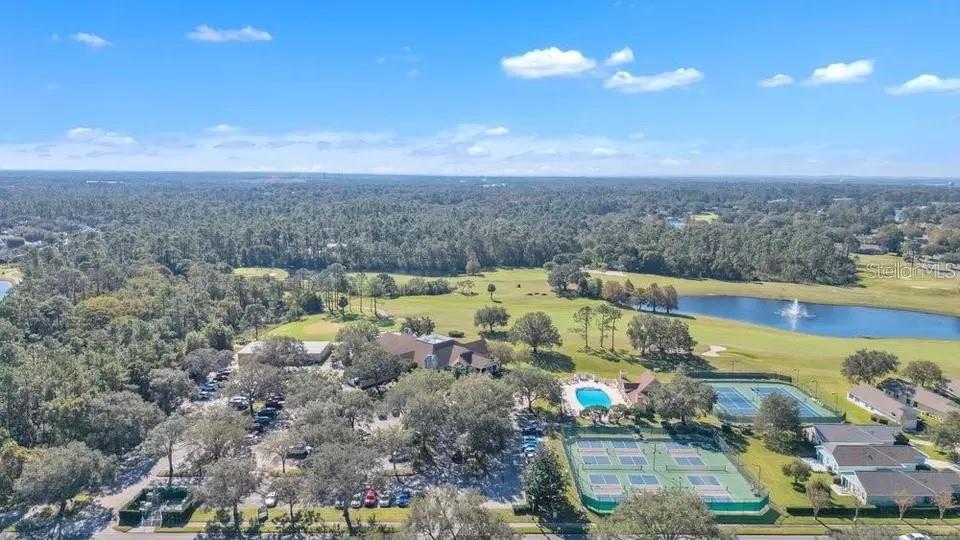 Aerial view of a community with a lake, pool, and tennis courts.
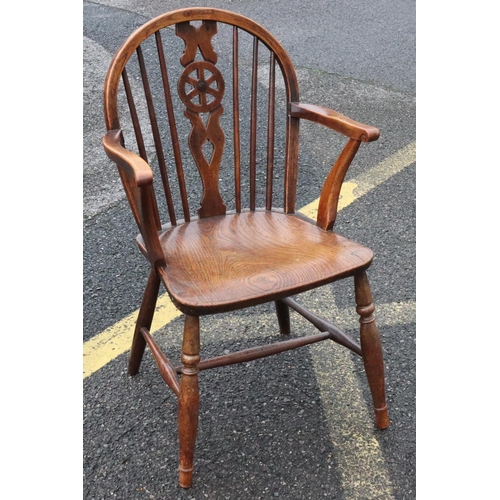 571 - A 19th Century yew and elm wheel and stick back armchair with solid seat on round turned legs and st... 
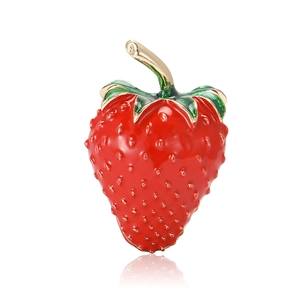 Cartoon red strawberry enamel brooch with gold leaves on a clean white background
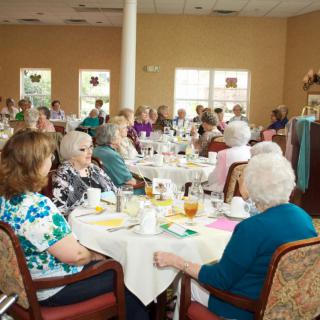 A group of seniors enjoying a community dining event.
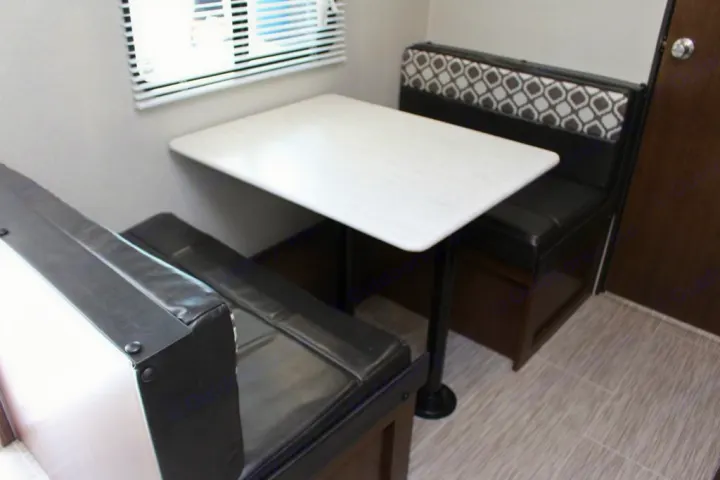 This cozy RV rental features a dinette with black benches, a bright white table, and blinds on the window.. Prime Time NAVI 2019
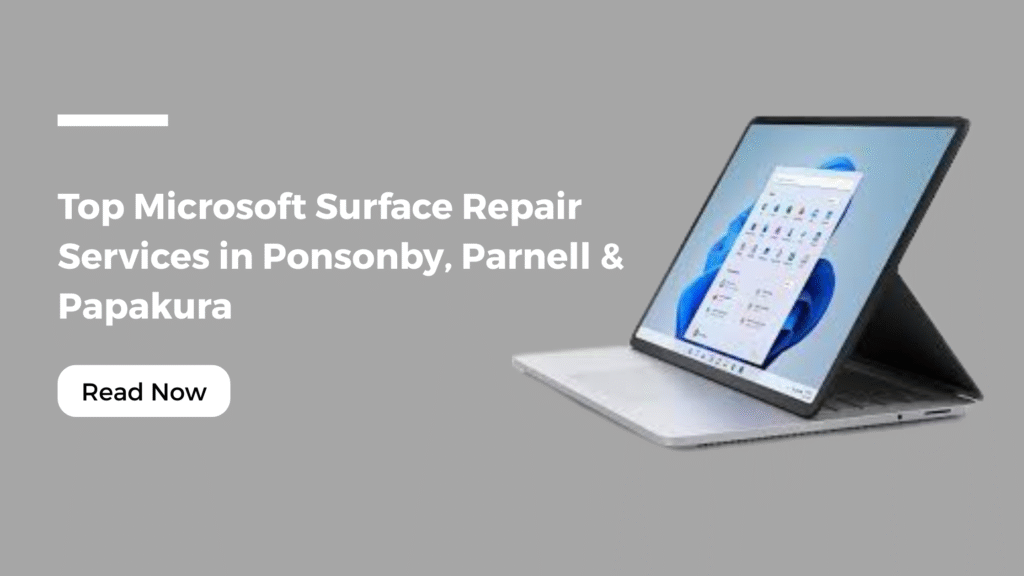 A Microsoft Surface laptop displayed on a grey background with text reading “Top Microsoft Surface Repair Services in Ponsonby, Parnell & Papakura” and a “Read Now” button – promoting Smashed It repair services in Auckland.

---

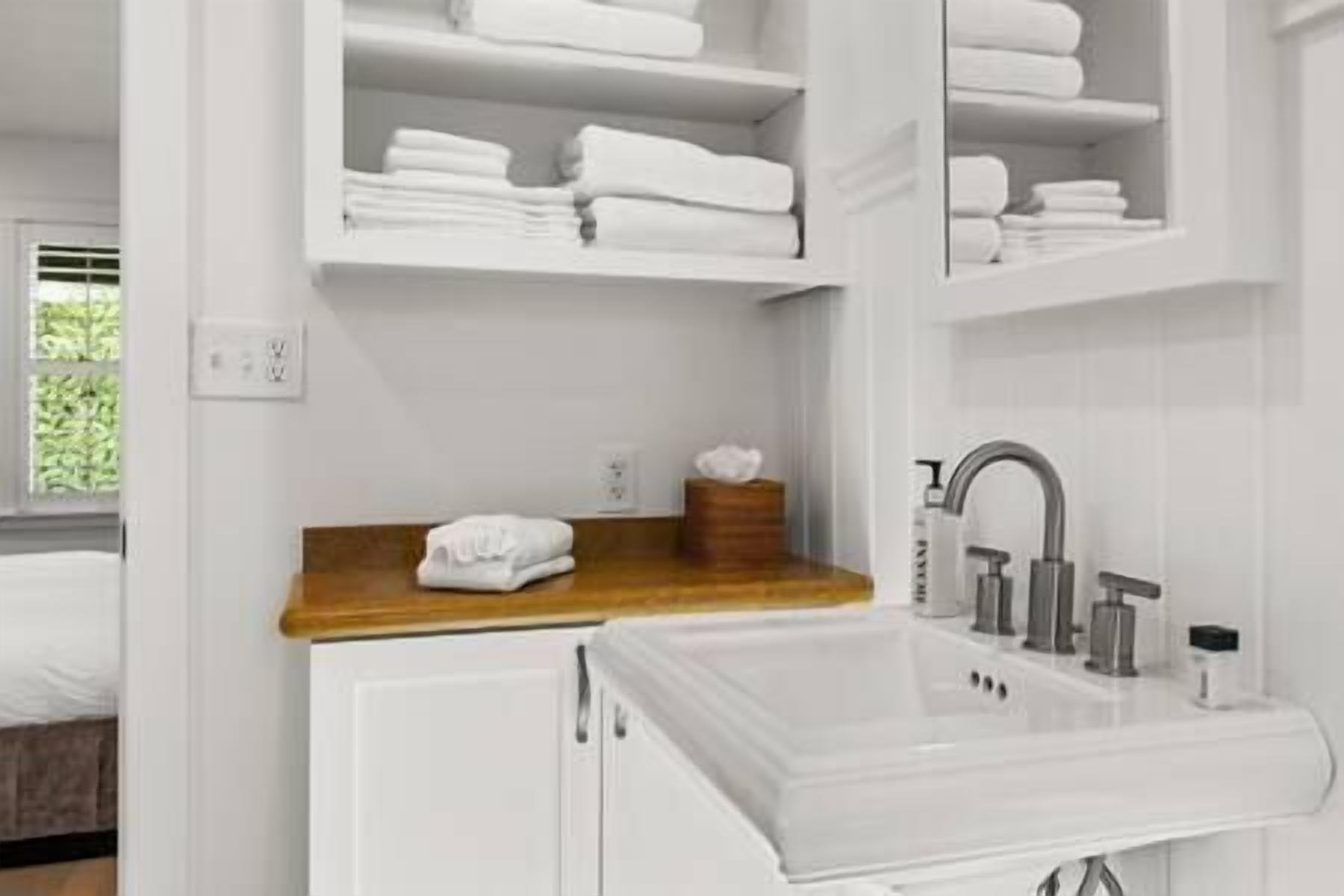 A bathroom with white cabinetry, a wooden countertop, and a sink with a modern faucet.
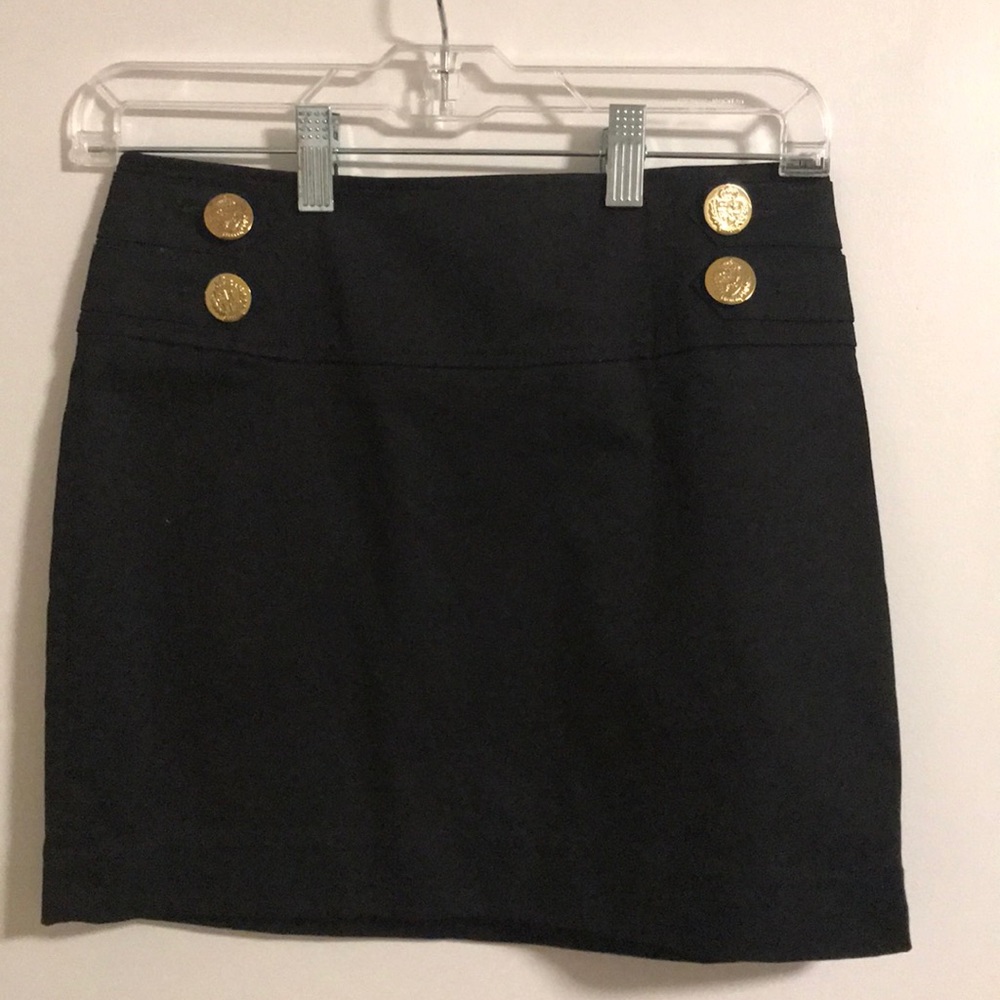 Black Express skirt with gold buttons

...

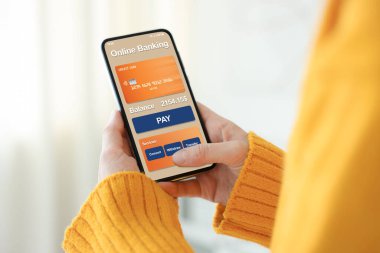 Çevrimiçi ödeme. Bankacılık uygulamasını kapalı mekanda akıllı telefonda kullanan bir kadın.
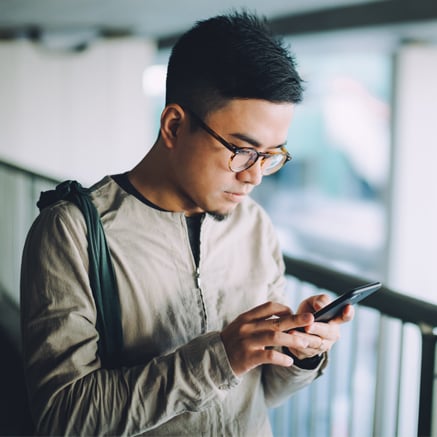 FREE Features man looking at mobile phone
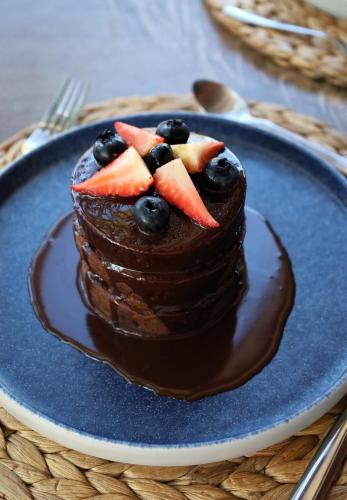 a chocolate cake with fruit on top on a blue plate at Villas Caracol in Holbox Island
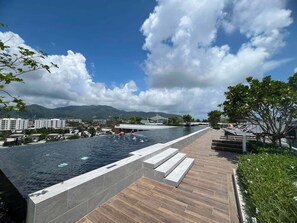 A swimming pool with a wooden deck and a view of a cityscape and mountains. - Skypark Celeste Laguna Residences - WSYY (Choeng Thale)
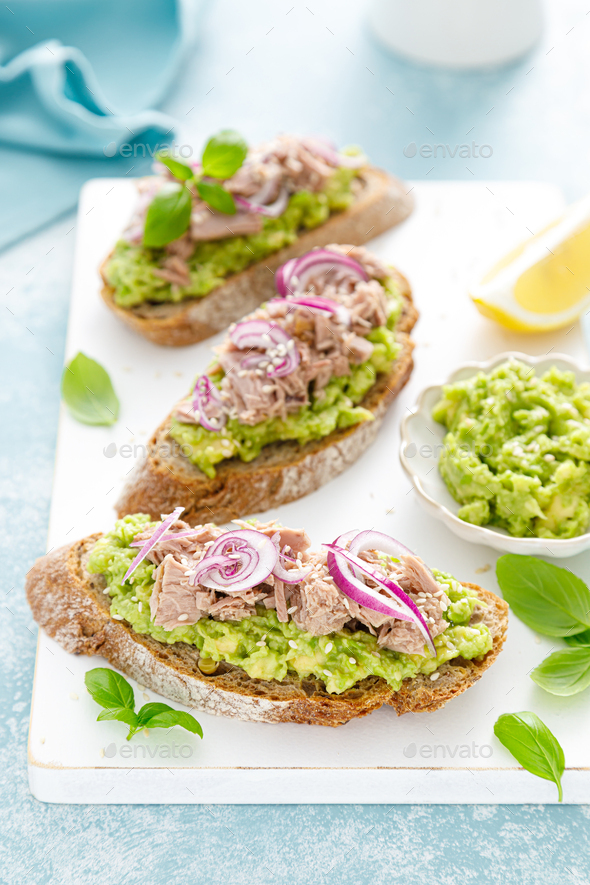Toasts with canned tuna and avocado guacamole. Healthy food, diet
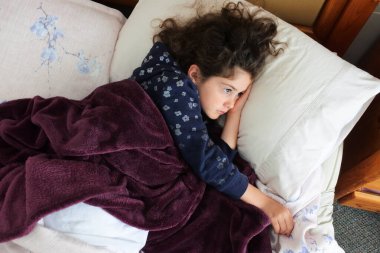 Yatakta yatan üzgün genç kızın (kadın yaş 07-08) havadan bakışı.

> Instructions for the task
With the pictures omitted, print the lines above exactly, beginning at the line with "Aerial view of" and going on through the line with "A Microsoft Surface".

> Answer space
 Aerial view of a community with a lake, pool, and tennis courts.
 571 - A 19th Century yew and elm wheel and stick back armchair with solid seat on round turned legs and st... 
 Cartoon red strawberry enamel brooch with gold leaves on a clean white background
 A group of seniors enjoying a community dining event.
 This cozy RV rental features a dinette with black benches, a bright white table, and blinds on the window.. Prime Time NAVI 2019
 A Microsoft Surface laptop displayed on a grey background with text reading “Top Microsoft Surface Repair Services in Ponsonby, Parnell & Papakura” and a “Read Now” button – promoting Smashed It repair services in Auckland.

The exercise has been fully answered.